Hessian Matrix vs Covariance Matrix – Understanding the Relationship

data miningmachine learningmathematical-statisticsmaximum likelihood

While I am studying Maximum Likelihood Estimation, to do inference in Maximum Likelihood Estimaion, we need to know the variance. To find out the variance, I need to know the Cramer's Rao Lower Bound, which looks like a Hessian Matrix with Second Deriviation on the curvature. I am kind of mixed up to define the relationship between covariance matrix and hessian matrix. Hope to hear some explanations about the question. A simple example will be appreciated.

Best Answer

You should first check out this Basic question about Fisher Information matrix and relationship to Hessian and standard errors

Suppose we have a statistical model (family of distributions) $\{f_{\theta}: \theta \in \Theta\}$. In the most general case we have $dim(\Theta) = d$, so this family is parameterized by $\theta = (\theta_1, \dots, \theta_d)^T$. Under certain regularity conditions, we have

$$I_{i,j}(\theta) = -E_{\theta}\Big[\frac{\partial^2 l(X; \theta)}{\partial\theta_i\partial\theta_j}\Big] = -E_\theta\Big[H_{i,j}(l(X;\theta))\Big]$$

where $I_{i,j}$ is a Fisher Information matrix (as a function of $\theta$) and $X$ is the observed value (sample)
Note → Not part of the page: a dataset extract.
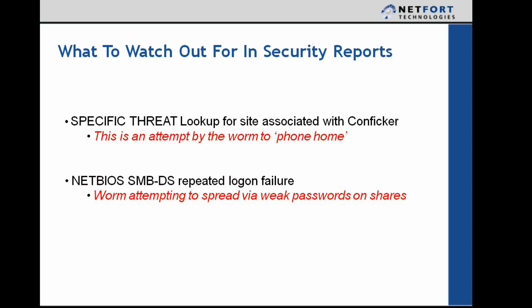So what do you need to look out for on the LAN Guardian? Well there are two specific security events. The first one is specific threats. So it's a lookup for sites associated with Conficker. So this is where the infected machine is attempting to, as we call, phone home. So it's trying to access sites known to be associated with Conficker. So we need to look for this in the security reports.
$$l(X; \theta) = ln(f_{\theta}(X)),\text{ for some } \theta \in \Theta$$

So Fisher Information matrix is a negated expected value of Hesian of the log-probability under some $\theta$

Now let's say we want to estimate some vector function of the unknown parameter $\psi(\theta)$. Usually it is desired that the estimator $T(X) = (T_1(X), \dots, T_d(X))$ should be unbiased, i.e.

$$\forall_{\theta \in \Theta}\ E_{\theta}[T(X)] = \psi(\theta)$$

Cramer Rao Lower Bound states that for every unbiased $T(X)$ the $cov_{\theta}(T(X))$ satisfies

$$cov_{\theta}(T(X)) \ge \frac{\partial\psi(\theta)}{\partial\theta}I^{-1}(\theta)\Big(\frac{\partial\psi(\theta)}{\partial\theta}\Big)^T = B(\theta)$$

where $A \ge B$ for matrices means that $A - B$ is positive semi-definite, $\frac{\partial\psi(\theta)}{\partial\theta}$ is simply a Jacobian $J_{i,j}(\psi)$. Note that if we estimate $\theta$, that is $\psi(\theta) = \theta$, above simplifies to

$$cov_{\theta}(T(X)) \ge I^{-1}(\theta)$$

But what does it tell us really? For example, recall that

$$var_{\theta}(T_i(X)) = [cov_{\theta}(T(X))]_{i,i}$$

and that for every positive semi-definite matrix $A$ diagonal elements are non-negative

$$\forall_i\ A_{i,i} \ge 0$$

From above we can conclude that the variance of each estimated element is bounded by diagonal elements of matrix $B(\theta)$

$$\forall_i\ var_{\theta}(T_i(X)) \ge [B(\theta)]_{i,i}$$

So CRLB doesn't tell us the variance of our estimator, but wheter or not our estimator is optimal, i.e. if it has lowest covariance among all unbiased estimators.